Work order » Each line holding the word "Black" must appear in the answer, copied from the entries.

Records provided »
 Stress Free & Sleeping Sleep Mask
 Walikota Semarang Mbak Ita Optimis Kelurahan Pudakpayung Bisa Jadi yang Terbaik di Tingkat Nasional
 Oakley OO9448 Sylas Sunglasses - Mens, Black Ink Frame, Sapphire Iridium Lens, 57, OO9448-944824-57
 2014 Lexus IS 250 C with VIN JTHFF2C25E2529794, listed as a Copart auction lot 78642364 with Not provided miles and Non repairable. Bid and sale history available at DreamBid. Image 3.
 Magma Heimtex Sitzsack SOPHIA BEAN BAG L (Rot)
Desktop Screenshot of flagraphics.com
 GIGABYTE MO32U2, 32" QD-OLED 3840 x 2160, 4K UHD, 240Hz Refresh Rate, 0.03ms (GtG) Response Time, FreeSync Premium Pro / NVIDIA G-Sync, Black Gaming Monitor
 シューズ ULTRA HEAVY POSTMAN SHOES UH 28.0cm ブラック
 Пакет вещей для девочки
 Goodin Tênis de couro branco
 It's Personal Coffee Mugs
* * *
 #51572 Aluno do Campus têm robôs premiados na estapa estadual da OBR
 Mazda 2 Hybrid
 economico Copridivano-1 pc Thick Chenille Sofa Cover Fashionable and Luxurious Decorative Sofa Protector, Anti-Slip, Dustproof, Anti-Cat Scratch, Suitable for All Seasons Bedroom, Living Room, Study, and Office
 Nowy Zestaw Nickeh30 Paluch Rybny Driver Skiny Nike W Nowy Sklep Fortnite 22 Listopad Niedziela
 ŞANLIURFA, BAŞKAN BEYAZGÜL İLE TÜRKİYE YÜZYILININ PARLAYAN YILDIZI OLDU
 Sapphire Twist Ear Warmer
---
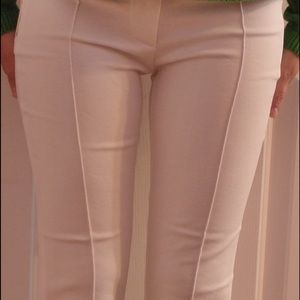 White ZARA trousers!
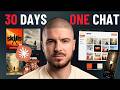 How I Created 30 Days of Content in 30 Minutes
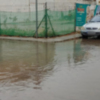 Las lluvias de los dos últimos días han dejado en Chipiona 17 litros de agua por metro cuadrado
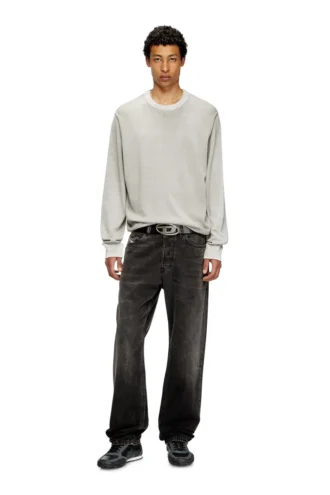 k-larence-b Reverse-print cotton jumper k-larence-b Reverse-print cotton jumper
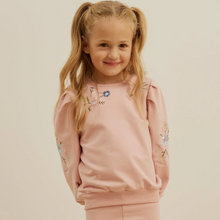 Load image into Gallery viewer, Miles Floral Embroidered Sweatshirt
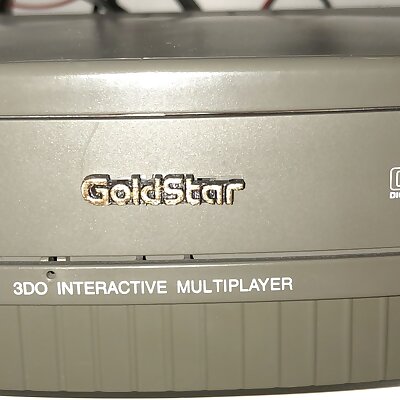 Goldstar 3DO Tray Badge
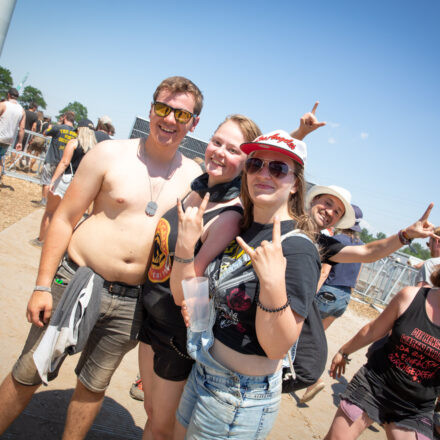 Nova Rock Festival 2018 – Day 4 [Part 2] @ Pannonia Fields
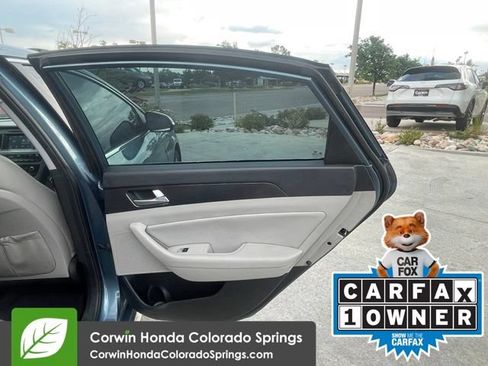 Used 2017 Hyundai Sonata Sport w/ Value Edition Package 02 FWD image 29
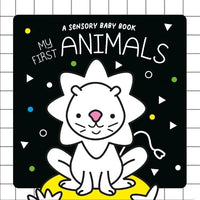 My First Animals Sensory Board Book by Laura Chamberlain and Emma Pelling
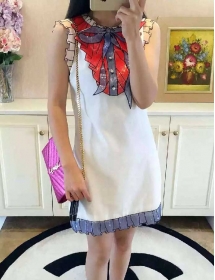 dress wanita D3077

Result of this task »
 Oakley OO9448 Sylas Sunglasses - Mens, Black Ink Frame, Sapphire Iridium Lens, 57, OO9448-944824-57
 GIGABYTE MO32U2, 32" QD-OLED 3840 x 2160, 4K UHD, 240Hz Refresh Rate, 0.03ms (GtG) Response Time, FreeSync Premium Pro / NVIDIA G-Sync, Black Gaming Monitor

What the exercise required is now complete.